- 2012 UK DVD cover
- Directed by: Chris Boger
- Written by: Marquis de Sade (novel) Ian Cullen
- Produced by: Chris Boger
- Starring: Koo Stark Martin Potter Lydia Lisle Katherine Kath
- Cinematography: Roger Deakins
- Edited by: Peter Delfgou
- Distributed by: Euro London Films
- Release date: 1977;
- Running time: 98 minutes
- Countries: United Kingdom Italy West Germany
- Language: English

= Cruel Passion =

1977 film by Chris Boger

Cruel Passion (also known as A Place Beyond, Justine and De Sade's Justine) is a 1977 film directed by Chris Boger and starring Koo Stark, Martin Potter, Lydia Lisle, and Katherine Kath. It was written by Ian Cullen based on the 1791 novel Justine by the Marquis de Sade.

==Plot==
Justine is a young virgin thrown out of a French orphanage and into the depraved world of prostitution. She slips into a life of debauchery, torture, whipping, slavery and salaciousness, while her brazen, flirtatious and libertine sister Juliette receives nothing but happiness and reward for her wanton behaviour.

==Cast==
- Koo Stark as Justine Jerome
- Martin Potter as Lord Carlisle
- Lydia Lisle as Juliette Jerome
- Katherine Kath as Madame Laronde
- Hope Jackman as Mrs Bonny
- Barry McGinn as George
- Louis Ife as Pastor John
- Maggie Petersen as Mother Superior
- David Masterman as Archer
- Ian McKay as Brough
- Ann Michelle as Pauline

==Reception==
The Monthly Film Bulletin wrote: "With snatches of Wagner on the soundtrack, attempts at emulating the pictorialism of Barry Lyndon, and a script of plummy antitheses apparently written in blank verse, it is hard to know whether Cruel Passion really had pretensions entirely belied by its knockabout plot and truly ludicrous dénouement. Filmed in sometimes almost totally obscure reds and browns, the film struggles along, bludgeoning the audience – as well as its two lacklustre heroines – with the moral that no good appears to come of anything, and especially not from virtue. Given the censor's declared antipathy to the linking of sex and violence, it is difficult to know what prompted him to pass the final scenes in which Justine is graphically savaged by two Doberman Pinschers before being raped by a couple of louts."

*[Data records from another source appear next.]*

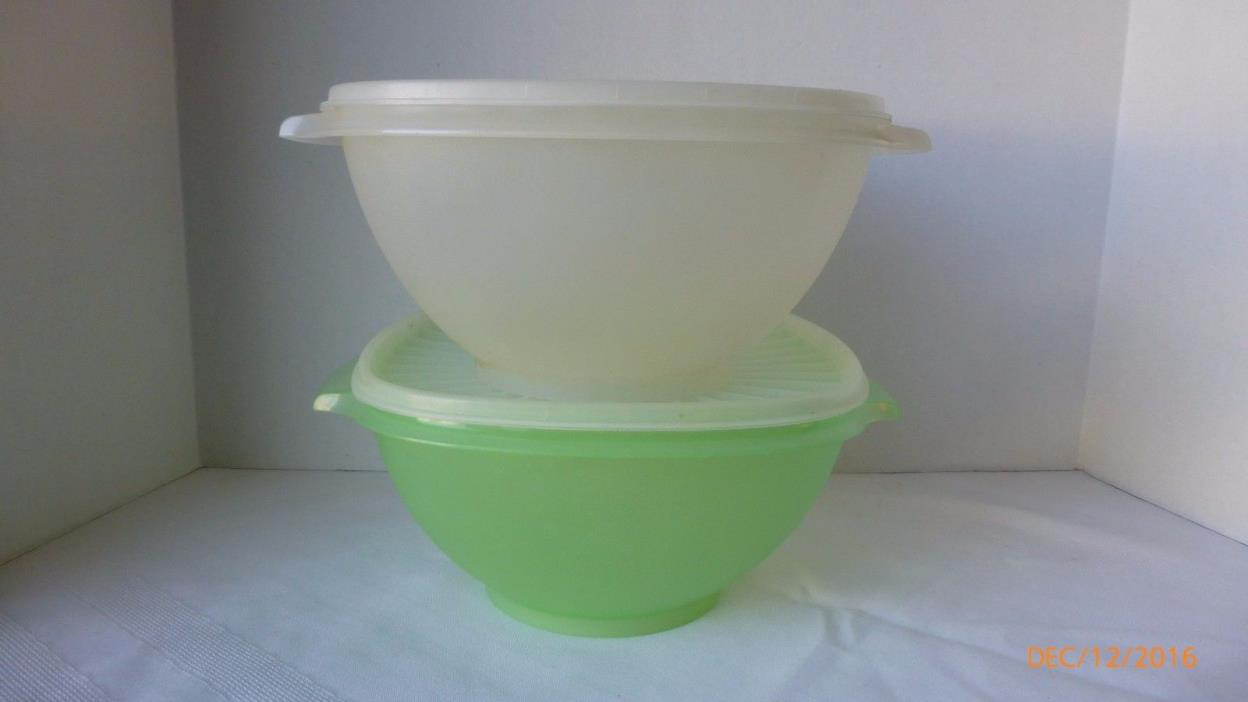 Vintage Tupperware Servalier Bowls Mixing Bowl Green Clear Set of 2 with Seals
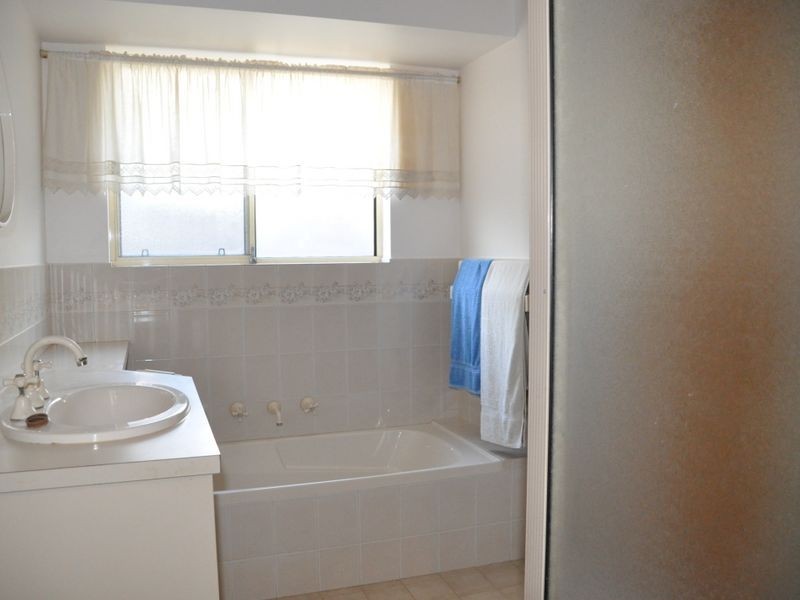 2/52 Grantley Avenue, Victor Harbor SA 5211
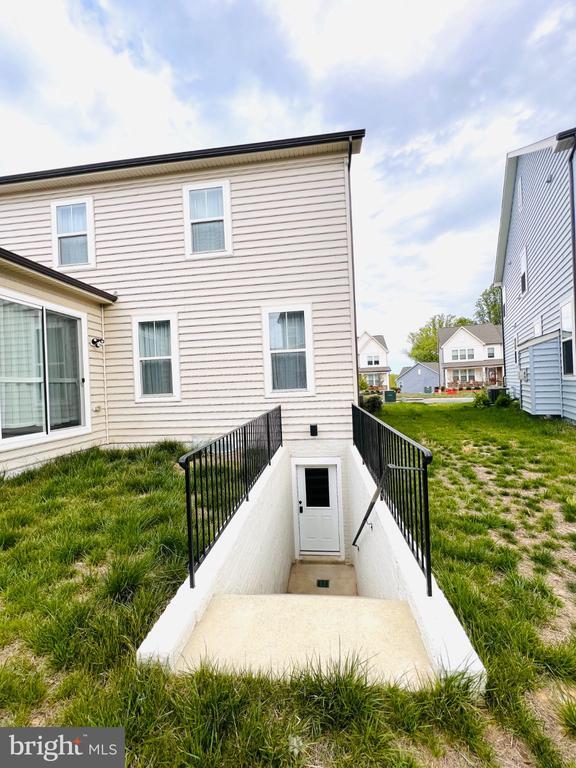 Building Photo - 9875 Selkie Ln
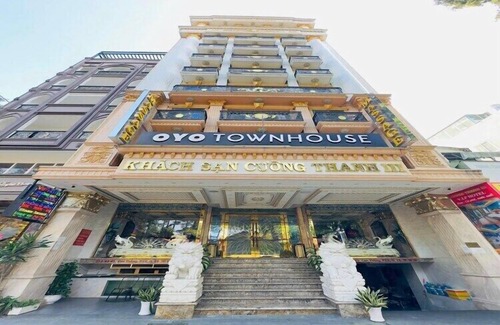District 10 House | Comfort Stay Steps from Children’s Hospital 1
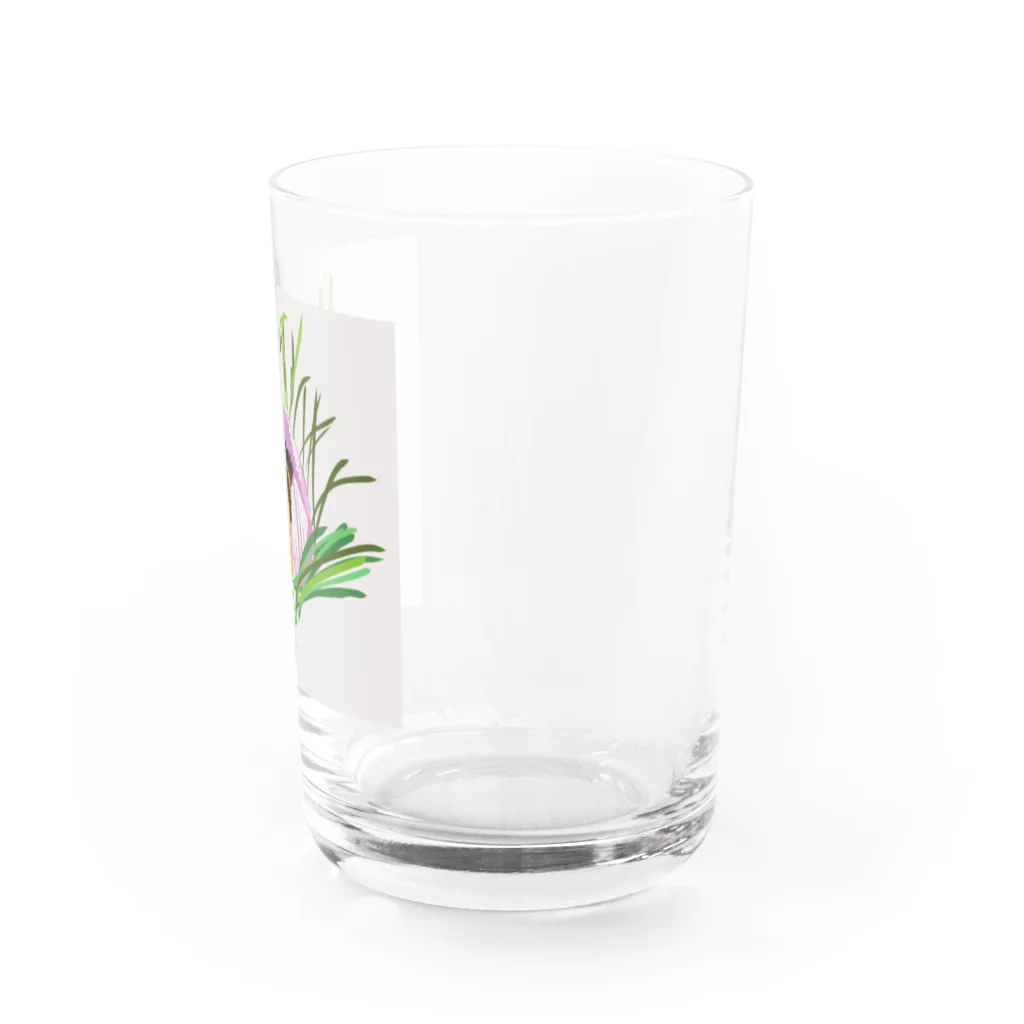 きりんのおへやのはちさんのおしり Water Glass :right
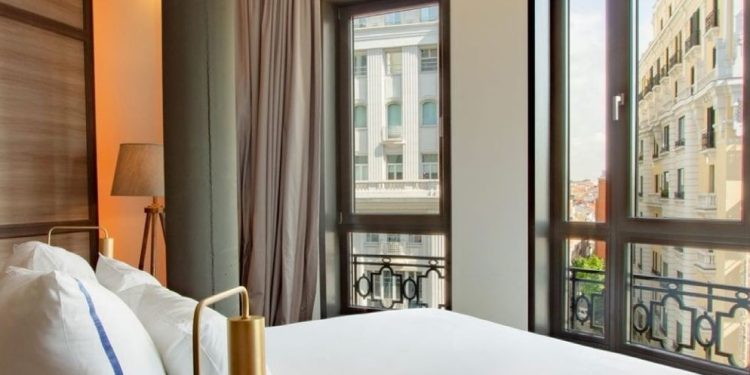 В хотел е открит диамантен пръстен на стойност над 800 000 долара на много необичайно място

Time Out wrote "The improbabilities of this awkward period sexploiter (which vainly attempts to emulate the look of Barry Lyndon) are compounded by a strain of casual nastiness which would be thoroughly offensive were it not so carelessly handled. ... Drawn from Sade, the film is veneered with a spurious morality which supposedly made its catchpenny cruelty somehow acceptable to the censor."

Budd Wilkins wrote in Slant magazine: "Chris Boger’s Marquis de Sade’s Justine (a.k.a. Cruel Passion) transplants a significantly truncated version of de Sade’s novel to British soil, more or less preserving the source material’s attacks on institutional and individual hypocrisy, while at the same time sanitizing its depictions of perverse sexuality. Justine never gets much kinkier than some briefly glimpsed nun-on-nun writhing and a couple of cursory whippings. On the sliding scale of Sadean cinema, Justine therefore falls somewhere between the angry political invective of Pasolini’s Salò or Peter Brook’s Marat/Sade and the titillation factor of Jesús Franco’s numerous softcore adaptations. Give it points, though, for taking de Sade’s ideas seriously, and daring to present a relentlessly downbeat vision of moral corruption."

== Home media ==
The DVD is available uncut in the United Kingdom as Cruel Passion and in the United States as Marquis de Sade's Justine.